Tsai Ing-wen did not say his country’s military was as strong as that of the Chinese but said Taiwan was strengthening its defense by boosting the production and acquiring precision weapons to boost asymmetric warfare capabilities that could withstand even stronger militaries. 

The 66-year-old leader said an attack on Taiwan would be an attack on democracy, hence the world would come to its rescue. 

“The international community is very clear that defending Taiwan’s security equals defending regional stability and democratic values. If Taiwan’s democratic freedoms are destroyed, it will be a major setback for democracies around the world,” she said.

The United States continuously provides military aid to Taiwan as it prepares for a possible invasion by Mainland China. Last month, Joe Biden approved the sales of arms worth $1.1 billion to Taipei, a move that angered Beijing.

Taiwan’s National Day

Taiwan’s National Day is a yearly celebration marking the start of a revolution in China which led to the collapse of imperial rule and the establishment of the Republic of China. 
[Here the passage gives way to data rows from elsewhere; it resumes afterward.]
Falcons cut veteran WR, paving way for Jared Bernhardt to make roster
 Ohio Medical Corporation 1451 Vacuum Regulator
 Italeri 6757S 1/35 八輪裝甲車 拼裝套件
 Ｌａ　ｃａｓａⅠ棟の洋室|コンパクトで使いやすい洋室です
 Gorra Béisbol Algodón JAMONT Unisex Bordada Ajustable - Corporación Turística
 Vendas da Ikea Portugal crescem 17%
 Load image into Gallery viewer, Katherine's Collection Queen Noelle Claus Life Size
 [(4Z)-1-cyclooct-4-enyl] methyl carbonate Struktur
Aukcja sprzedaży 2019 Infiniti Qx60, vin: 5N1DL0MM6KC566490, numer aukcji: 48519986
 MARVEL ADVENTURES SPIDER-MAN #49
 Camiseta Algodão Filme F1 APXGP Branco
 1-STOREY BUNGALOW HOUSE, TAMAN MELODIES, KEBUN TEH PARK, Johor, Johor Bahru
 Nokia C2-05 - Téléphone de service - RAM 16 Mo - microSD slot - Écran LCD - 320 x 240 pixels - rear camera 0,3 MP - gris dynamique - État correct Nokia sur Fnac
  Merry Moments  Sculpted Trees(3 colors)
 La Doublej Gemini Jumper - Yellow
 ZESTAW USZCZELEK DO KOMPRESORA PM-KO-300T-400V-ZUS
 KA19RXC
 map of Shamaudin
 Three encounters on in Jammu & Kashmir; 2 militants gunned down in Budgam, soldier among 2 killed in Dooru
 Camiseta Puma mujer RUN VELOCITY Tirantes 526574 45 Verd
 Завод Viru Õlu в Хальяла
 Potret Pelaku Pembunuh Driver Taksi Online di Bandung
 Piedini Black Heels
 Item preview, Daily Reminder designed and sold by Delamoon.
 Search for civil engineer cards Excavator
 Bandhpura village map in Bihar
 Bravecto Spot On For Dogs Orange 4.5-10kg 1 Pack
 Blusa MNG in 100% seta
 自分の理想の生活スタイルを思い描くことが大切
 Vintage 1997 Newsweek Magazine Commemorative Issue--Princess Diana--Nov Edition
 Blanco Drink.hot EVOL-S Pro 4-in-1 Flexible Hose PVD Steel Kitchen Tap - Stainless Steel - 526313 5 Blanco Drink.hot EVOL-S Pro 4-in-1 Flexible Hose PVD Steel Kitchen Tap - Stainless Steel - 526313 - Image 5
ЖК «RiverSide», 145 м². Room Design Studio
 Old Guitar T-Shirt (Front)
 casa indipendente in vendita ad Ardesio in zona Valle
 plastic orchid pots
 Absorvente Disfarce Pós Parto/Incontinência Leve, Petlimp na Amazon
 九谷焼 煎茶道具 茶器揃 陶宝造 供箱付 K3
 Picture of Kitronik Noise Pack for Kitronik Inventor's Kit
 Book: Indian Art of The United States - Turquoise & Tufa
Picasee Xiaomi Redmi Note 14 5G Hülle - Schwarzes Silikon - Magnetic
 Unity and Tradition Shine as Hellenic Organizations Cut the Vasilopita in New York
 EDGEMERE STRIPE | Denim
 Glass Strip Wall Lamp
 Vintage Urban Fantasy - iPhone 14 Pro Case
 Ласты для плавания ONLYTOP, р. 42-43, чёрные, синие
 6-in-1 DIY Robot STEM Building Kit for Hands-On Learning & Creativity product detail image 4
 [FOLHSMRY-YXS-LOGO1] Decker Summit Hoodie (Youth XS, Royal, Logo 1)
The Republic of China ruled over China until it was overthrown by the Chinese Communist Party in 1949 after a bloody civil war. It was in that year it moved to Taiwan. 

Monday’s ceremony was the 111th anniversary of Taiwan’s National Day. The President of Palau, one of the 14 countries that recognize Taiwan’s sovereignty, was present. Also present was Eddie Bernice Johnson, a US congresswoman from the State of Texas. 

The colorful celebration saw the performance of a beautiful Taiwanese band, with citizens waving the country’s flag. The breathtaking military parades added beauty to the day’s activities. As the military helicopter flies over the skies of Taipei with a national flag, the people of Taiwan wish that China will keep off its territories.